I just took my nremt paramedic this morning and still haven't found out i passed due to thanksgiving being tomorrow. It looks like i want know for sure until the coming up Monday. My test stopped around 80 questions, but I gotta say they're were a handful of questions that were pretty tough and then there were a good bit i felt confident i knew. I did notice i had a lot of operations questions. I'm just anxious to know my results and i really want to pass! Please if anybody has any insight it's greatly appreciated!!


----------



## VentMonkey (Nov 22, 2017)

Insight: don’t take a major exam before a holiday weekend. Try and enjoy turkey day with family and friends and not focus on the results so much, lots’o’luck.


----------



## DesertMedic66 (Nov 22, 2017)

No one can offer any kind of insight on the NREMT. The only way to know is to wait. If you have horrible anxiety then scheduling the test right before a major holiday with a weekend that follows is/was not the best idea...


----------



## Kendal Krueger (Nov 22, 2017)

Thanks for y’alls input, but I’m not too worried about waiting for my results due to the holidays. Believe me it wasn’t my ideal day to test before thanksgiving, but it was either that or 2 weeks into December. My main concern is my test cutting off around 80 questions.


----------



## PotatoMedic (Nov 23, 2017)

It just means the computer is 95% sure you either passed or failed.


----------



## hometownmedic5 (Nov 23, 2017)

While nobody can say for certain until you get the official word, statistically if you get shut off at or near the minimum you either passsed or did so poorly on the first 80 questions that there was no way you could possibly rehabilitate your score.

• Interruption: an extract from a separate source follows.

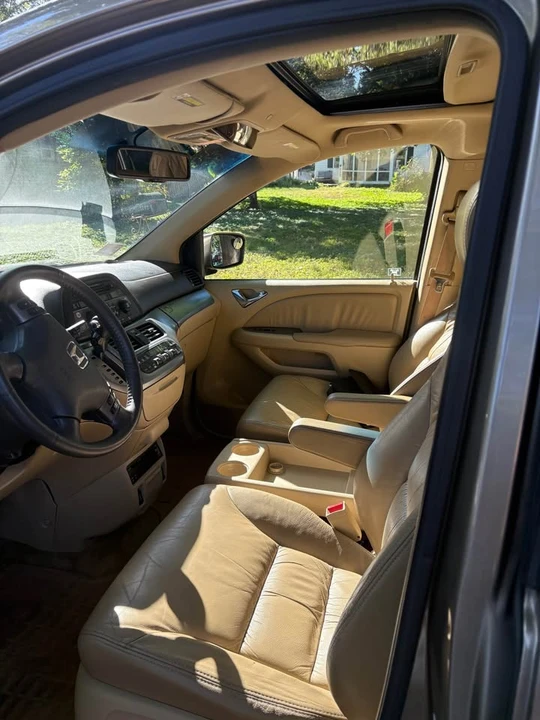 2010 Honda Odyssey - Image 6 of 9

From that, you should have a good idea of where you stand. for you to fail at 80, you would have had to get the majority of questions answered wrong. Is that how you feel about the test? If not, you probably passed. Go eat some turkey.


----------



## jbiedebach (Nov 23, 2017)

Kendal Krueger said:


> I just took my nremt paramedic this morning and still haven't found out i passed


You likely passed. I passed with 80 questions.


----------